───── TASK MATERIAL

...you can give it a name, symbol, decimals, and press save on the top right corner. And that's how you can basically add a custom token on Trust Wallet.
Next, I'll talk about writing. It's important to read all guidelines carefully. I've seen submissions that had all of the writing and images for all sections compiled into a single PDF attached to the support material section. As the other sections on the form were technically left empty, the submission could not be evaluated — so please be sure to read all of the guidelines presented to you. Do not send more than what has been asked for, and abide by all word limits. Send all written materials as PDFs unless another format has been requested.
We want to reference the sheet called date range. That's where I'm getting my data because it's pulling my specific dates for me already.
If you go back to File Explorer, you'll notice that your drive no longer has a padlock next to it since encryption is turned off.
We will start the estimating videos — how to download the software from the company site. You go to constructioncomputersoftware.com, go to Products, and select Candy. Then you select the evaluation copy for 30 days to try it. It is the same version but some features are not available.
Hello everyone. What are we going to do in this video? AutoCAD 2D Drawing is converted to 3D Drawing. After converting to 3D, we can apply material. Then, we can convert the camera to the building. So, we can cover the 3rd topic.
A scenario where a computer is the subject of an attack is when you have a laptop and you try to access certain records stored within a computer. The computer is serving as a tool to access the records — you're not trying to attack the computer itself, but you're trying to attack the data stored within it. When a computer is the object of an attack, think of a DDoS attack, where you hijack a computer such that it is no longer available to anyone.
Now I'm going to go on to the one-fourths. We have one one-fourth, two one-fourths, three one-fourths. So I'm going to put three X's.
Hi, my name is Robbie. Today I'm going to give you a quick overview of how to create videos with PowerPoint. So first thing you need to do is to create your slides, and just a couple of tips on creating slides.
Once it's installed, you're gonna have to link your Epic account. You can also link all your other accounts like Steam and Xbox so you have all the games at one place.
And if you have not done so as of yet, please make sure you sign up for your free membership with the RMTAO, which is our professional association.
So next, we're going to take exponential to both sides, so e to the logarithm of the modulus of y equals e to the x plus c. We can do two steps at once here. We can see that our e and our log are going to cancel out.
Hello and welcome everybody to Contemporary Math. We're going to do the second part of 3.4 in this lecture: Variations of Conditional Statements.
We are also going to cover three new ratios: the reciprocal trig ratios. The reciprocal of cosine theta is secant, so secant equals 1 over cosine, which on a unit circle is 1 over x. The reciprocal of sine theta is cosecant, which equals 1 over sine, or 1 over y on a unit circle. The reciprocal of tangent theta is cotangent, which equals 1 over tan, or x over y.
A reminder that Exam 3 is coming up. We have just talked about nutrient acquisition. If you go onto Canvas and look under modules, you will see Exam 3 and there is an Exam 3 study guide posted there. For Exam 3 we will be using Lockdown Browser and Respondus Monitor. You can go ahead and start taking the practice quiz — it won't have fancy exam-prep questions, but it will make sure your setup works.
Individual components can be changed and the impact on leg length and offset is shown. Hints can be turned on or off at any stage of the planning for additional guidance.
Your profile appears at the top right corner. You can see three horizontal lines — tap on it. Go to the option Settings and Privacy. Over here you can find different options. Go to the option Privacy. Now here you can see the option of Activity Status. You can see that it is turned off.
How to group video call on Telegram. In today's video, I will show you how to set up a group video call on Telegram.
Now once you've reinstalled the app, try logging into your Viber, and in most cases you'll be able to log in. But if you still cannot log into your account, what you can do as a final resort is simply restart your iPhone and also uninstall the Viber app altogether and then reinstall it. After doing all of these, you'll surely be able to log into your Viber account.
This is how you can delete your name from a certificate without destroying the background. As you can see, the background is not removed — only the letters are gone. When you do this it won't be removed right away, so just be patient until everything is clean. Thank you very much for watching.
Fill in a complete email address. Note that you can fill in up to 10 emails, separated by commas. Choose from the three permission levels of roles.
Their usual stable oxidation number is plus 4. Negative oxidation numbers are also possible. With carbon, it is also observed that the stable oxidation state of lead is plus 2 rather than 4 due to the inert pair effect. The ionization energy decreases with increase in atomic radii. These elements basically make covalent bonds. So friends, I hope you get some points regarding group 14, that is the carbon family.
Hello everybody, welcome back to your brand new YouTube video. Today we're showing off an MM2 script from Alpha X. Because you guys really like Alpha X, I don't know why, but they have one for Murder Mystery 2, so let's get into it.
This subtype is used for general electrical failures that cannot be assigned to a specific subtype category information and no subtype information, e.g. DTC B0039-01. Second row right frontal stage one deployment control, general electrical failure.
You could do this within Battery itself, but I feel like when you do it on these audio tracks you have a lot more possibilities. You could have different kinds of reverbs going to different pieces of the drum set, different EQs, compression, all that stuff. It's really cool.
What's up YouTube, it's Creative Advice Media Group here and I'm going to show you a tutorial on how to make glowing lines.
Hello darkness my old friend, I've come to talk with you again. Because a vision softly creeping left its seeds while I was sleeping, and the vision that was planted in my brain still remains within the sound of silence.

──────────

* [ACTION ITEM] In the entries above, the lines from the one bearing "We want to reference" up to and including the one bearing "Hello everyone. What" should be transcribed exactly; no other line is wanted.

* [ANSWER TO THE PROBLEM]
We want to reference the sheet called date range. That's where I'm getting my data because it's pulling my specific dates for me already.
If you go back to File Explorer, you'll notice that your drive no longer has a padlock next to it since encryption is turned off.
We will start the estimating videos — how to download the software from the company site. You go to constructioncomputersoftware.com, go to Products, and select Candy. Then you select the evaluation copy for 30 days to try it. It is the same version but some features are not available.
Hello everyone. What are we going to do in this video? AutoCAD 2D Drawing is converted to 3D Drawing. After converting to 3D, we can apply material. Then, we can convert the camera to the building. So, we can cover the 3rd topic.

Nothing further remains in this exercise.